→ Assigned task: Each line from the one holding "Anbringen des Reflexionspaneels" to the last line below must be written out exactly, with no other output.

========================================

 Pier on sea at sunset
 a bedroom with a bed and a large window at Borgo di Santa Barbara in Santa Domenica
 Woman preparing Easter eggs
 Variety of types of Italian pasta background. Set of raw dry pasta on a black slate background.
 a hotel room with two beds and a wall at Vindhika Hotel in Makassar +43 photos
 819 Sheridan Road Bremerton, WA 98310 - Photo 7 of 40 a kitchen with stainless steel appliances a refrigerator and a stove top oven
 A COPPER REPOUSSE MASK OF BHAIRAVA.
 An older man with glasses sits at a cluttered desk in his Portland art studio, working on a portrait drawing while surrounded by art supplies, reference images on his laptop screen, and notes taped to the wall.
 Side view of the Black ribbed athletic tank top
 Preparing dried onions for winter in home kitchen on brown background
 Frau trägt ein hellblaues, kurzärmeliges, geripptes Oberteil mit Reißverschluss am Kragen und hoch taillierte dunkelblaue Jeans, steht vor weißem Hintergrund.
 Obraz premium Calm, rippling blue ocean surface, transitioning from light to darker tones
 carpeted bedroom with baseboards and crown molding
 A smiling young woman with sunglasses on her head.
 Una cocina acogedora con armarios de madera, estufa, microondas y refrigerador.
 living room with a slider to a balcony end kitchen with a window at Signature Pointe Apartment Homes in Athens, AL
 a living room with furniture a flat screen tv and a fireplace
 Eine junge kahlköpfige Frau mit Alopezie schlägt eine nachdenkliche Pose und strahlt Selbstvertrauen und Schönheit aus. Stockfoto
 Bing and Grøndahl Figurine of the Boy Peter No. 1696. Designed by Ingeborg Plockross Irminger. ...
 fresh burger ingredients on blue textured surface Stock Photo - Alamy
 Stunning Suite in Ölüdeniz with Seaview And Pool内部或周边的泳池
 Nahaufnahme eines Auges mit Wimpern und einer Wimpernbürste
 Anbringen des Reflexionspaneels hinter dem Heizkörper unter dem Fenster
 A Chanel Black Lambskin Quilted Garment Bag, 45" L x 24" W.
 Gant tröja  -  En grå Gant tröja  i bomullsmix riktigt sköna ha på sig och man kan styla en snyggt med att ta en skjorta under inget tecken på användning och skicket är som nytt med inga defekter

========================================

→ Exercise answer:
 Anbringen des Reflexionspaneels hinter dem Heizkörper unter dem Fenster
 A Chanel Black Lambskin Quilted Garment Bag, 45" L x 24" W.
 Gant tröja  -  En grå Gant tröja  i bomullsmix riktigt sköna ha på sig och man kan styla en snyggt med att ta en skjorta under inget tecken på användning och skicket är som nytt med inga defekter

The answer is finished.